Page MenuHomePhabricator

Update Topic Datasets for Pageviews & Edits
Open, MediumPublic

Description

In T281922, our goal was to build prototypes of topic datasets to address some specific use cases for content data. Based on feedback and interest after Connie & Jennifer shared the dataset prototypes in the Product People Managers meeting, we want to continue updating the datasets for further exploration.

  • Update datasets monthly, as needed
  • Identify & document dependencies & process for updates
  • Decide on next steps for updates or automation

Event Timeline

kzimmerman updated the task description. (Show Details)
kzimmerman removed a project: Epic.
ldelench_wmf triaged this task as Medium priority.
ldelench_wmf moved this task from Triage to Current Quarter on the Product-Analytics board.

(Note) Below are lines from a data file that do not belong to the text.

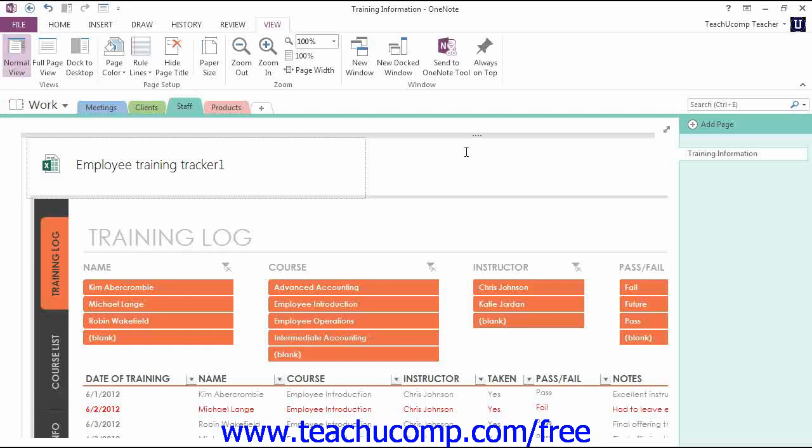With a page selected, you can view the current paper size by clicking the View tab in the ribbon, and then clicking the Paper Size button in the Page Setup group.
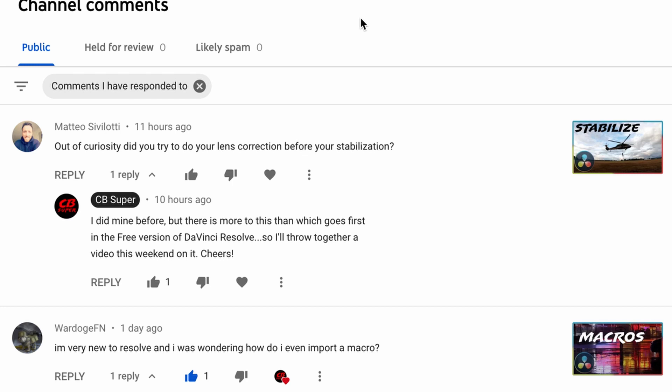Hey guys, CB Super. Today I got the comment: out of curiosity, did you do your lens correction before your stabilization? This was in reference to my stabilized video that I did, I think a couple weeks ago.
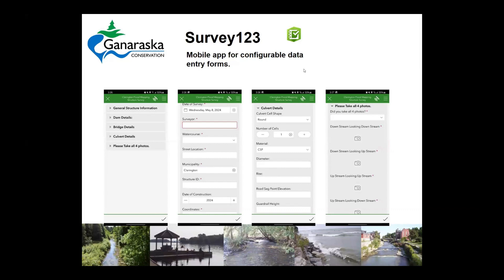Survey123 is a mobile app with configurable data forms — essentially a data entry tool. In our case, we've created these forms for the data collection of structures that need to go into a floodplain model. We have the general data set covering whether it's a dam, bridge, or culvert, collecting the different pieces — types and all the things that the engineers determine we need to create the different structures in the model.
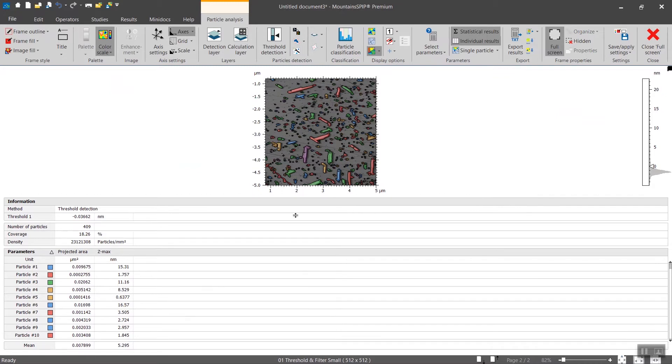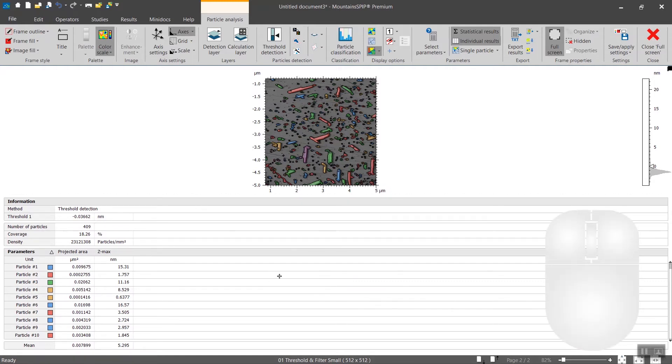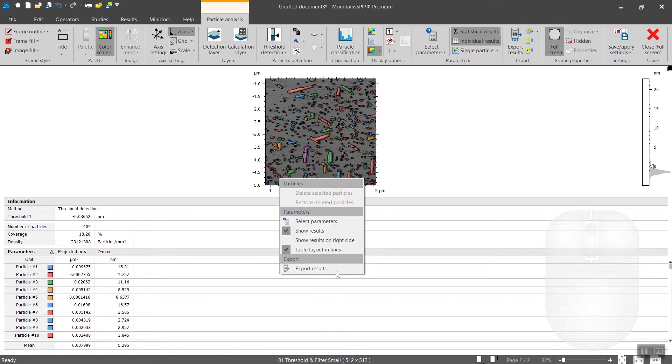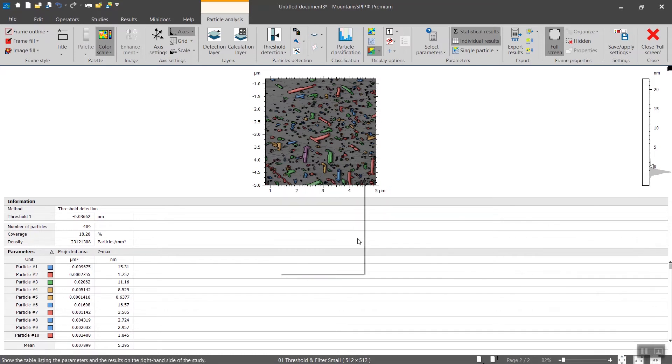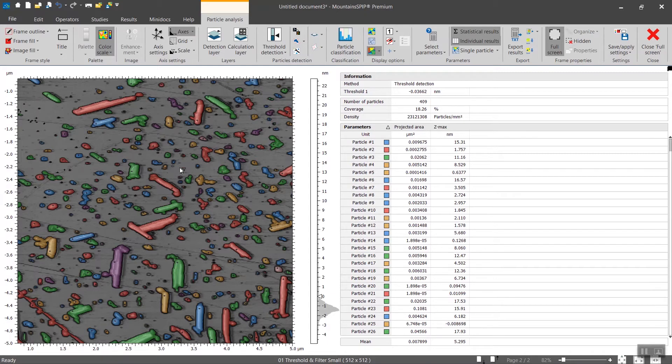You have two main components here: the structures that were detected above and a table of results below. To give more space to the first one, I recommend placing this table on the right. To do so, you right-click and show results on right side, which gives much better space to the detected particles.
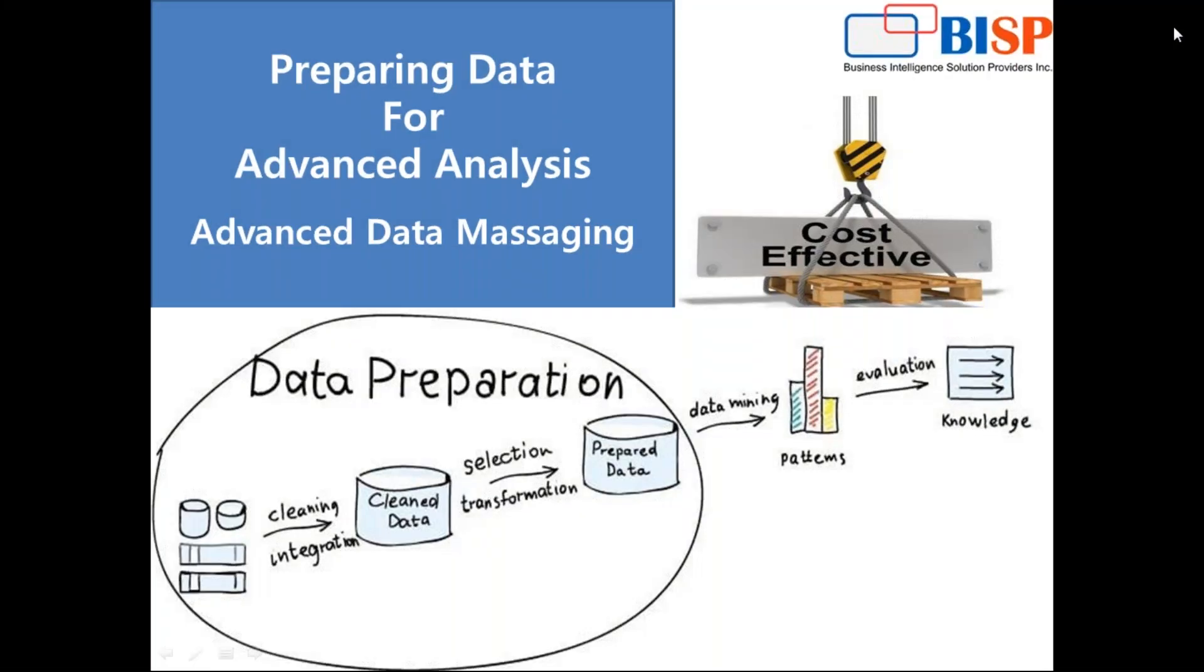This conference will now be recorded. Hello friends and welcome to bisptrainings.com. I'm Neeraj and today I'm going to teach you how to perform advanced data massaging, data cleansing and transformation on your raw data.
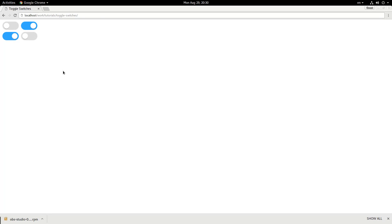Hey everybody, welcome back. In this video we are going to be making this Toggle Switches project that we made a couple videos back, cross-browser.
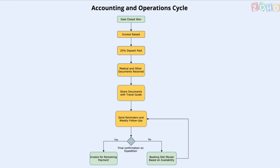So now that the deal has been closed as won, the accounting and operations cycle can commence. The accounts team raises an invoice and receives a deposit to hold the booking. The operations team collects the client's medical documents and shares them with the travel guide. The travel agency regularly follows up with the client to confirm the date of travel and collect any pending documents. Once the journey date is fixed, the agency collects the rest of the payment from the client.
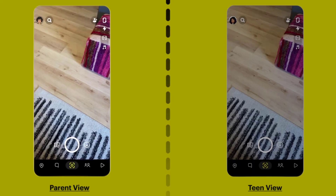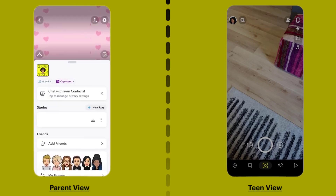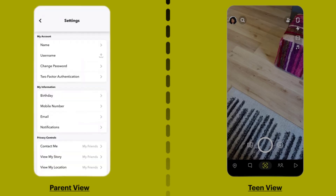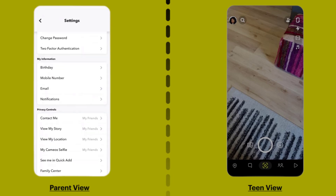Once logged in, tap on your Bitmoji icon in the top left corner, then click on the gear icon in the top right corner. Scroll down and tap on Family Center under the Privacy Controls section.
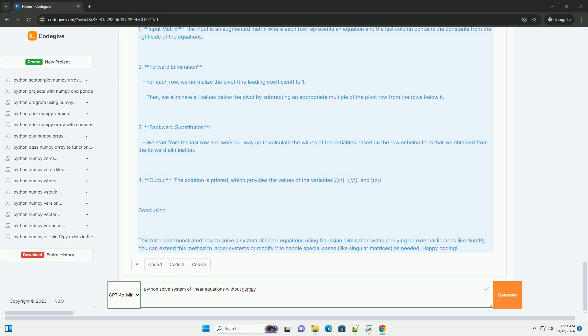Step 2: Implementing Gaussian elimination. Here's how to implement Gaussian elimination in Python. Explanation of the code: 1. Input matrix - the input is an augmented matrix where each row represents an equation and the last column contains the constants from the right side of the equations. 2. Forward elimination...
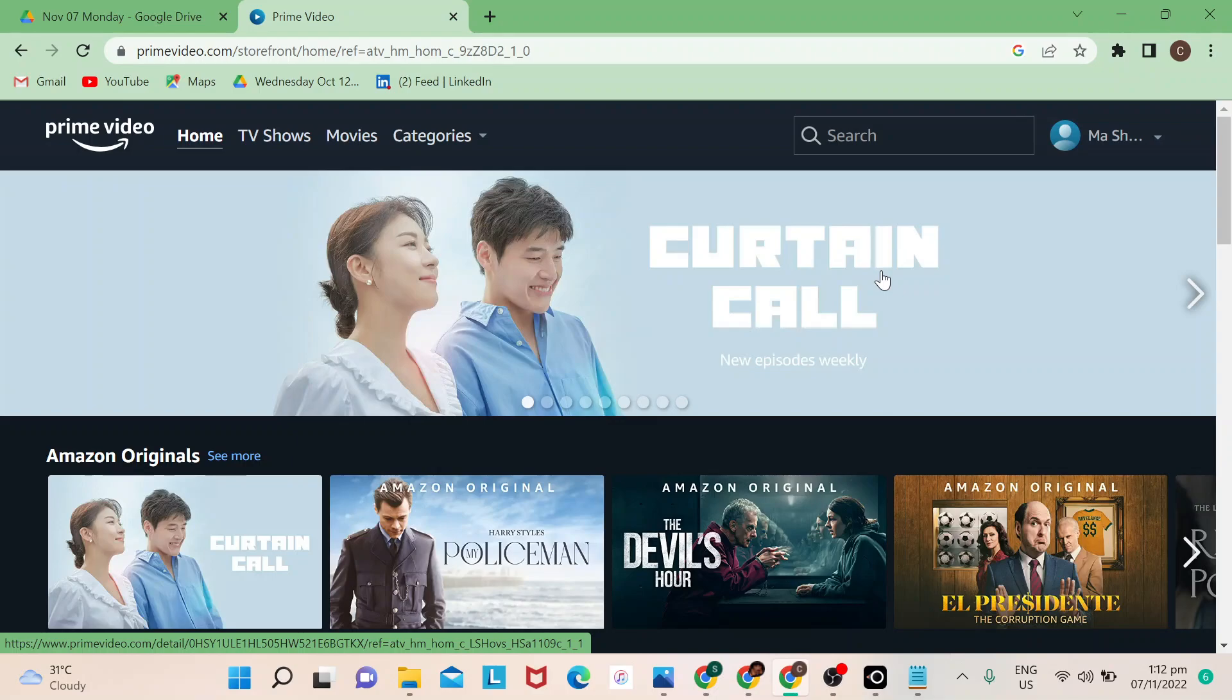Either you will do this on your device that's supported by Amazon Prime, or you could also do this on your computer like Windows or Mac. So I'm just going to be giving you a walkthrough right now on how it's done.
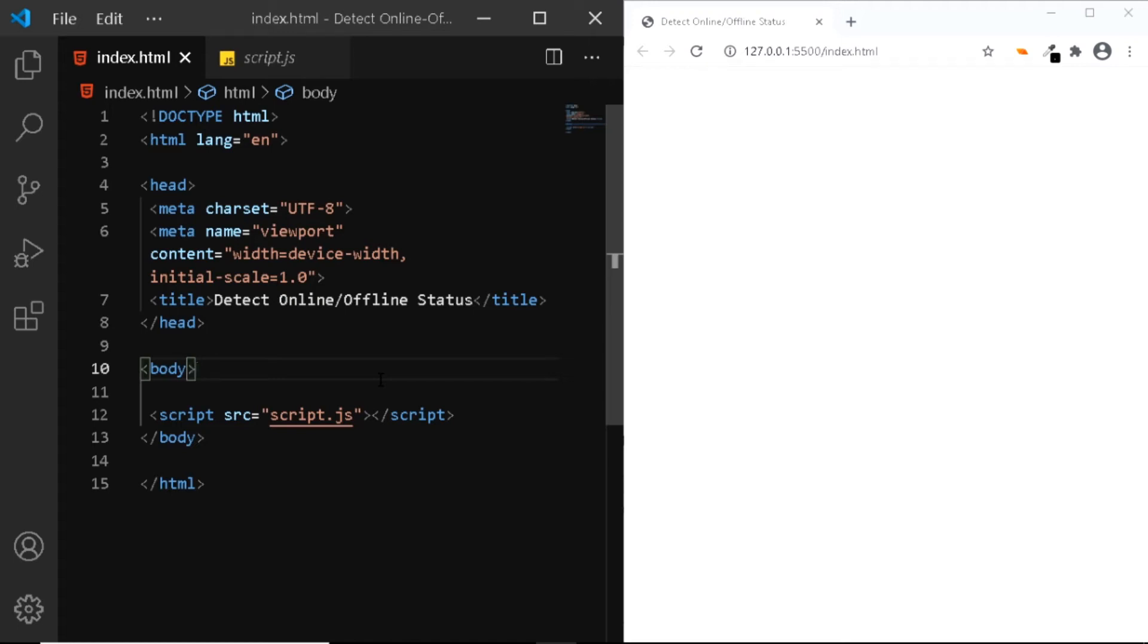Hi, in this video let's have a look at how to detect the online and offline status using JavaScript.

Documenting the process etc. from Research's side for updating the topic datasets:

  • Current update process (~1 hour my time; ~24 hours start-to-finish):
    • Jupyter Notebook (stat1007) that has a data pipeline for gathering all of the current pages and their outlinks (what the model uses for making predictions). That data (~8GB) is then exported to HDFS and moved to the stat machine for further processing. This takes just a few minutes of my time to update to the new snapshots and run, but requires ~1 hour to complete.
    • [Optional] Jupyter Notebook (stat1007) for splitting the data into training/val/test sets, gathering labels, and retraining the model. I do this less frequently (~ once per year) because the groundtruth data is pretty stable/extensive, the model architecture is pretty resilient to hyperparameter choices, and the underlying vocabulary doesn't shift that much so I don't find any large benefits to retraining more frequently. When retraining, this is again not much of my time but does take a few hours of compute to finish.
    • Jupyter Notebook (stat1007) that applies a trained model to the data to get predictions for all articles. Very little of my time but this is the slowest part -- maybe 6 hours to complete.
    • Jupyter Notebook (stat1007) that takes the model predictions and uploads them to Hive for ease of use. Pretty quick -- a few minutes of my time and maybe 20 minutes to complete.
  • Thoughts on automating:
    • I put a bunch of details about the model in this phab comment: T287527#7247069
    • I'd let ML Platform indicate what they think is best but hopefully the Jupyter Notebooks (or code within them) could be incorporated easily into their infrastructure at some point. See T287056 for more details.
    • Airflow for scheduling + papermill for running the notebooks might also be an option.
    • On top of having the data available on a regular schedule, there'd be some other changes that I think should be made:
      • Improved monitoring: throughout the process I have some basic descriptive statistics to make sure coverage hasn't shifted dramatically between runs and that results seem reasonable. In an automated pipeline, this should be incorporated more heavily (ensuring precison/recall remain high). Especially if the model is retrained more frequently, which wouldn't be a bad process.
      • Retrain model more consistently: to keep things simple, I generally only retrain the model about once a year. Presumably an automated pipeline would do this more frequently or at least on a regular cadence.
      • Better structure to data: I've just been creating a new table each time I do this with the snapshot in the tablename so it's clear where the data came from. Presumably it'd be much easier for end-users to have a static tablename that just is updated with new snapshots and retains the previous e.g., six snapshots akin to how many Hive tables function.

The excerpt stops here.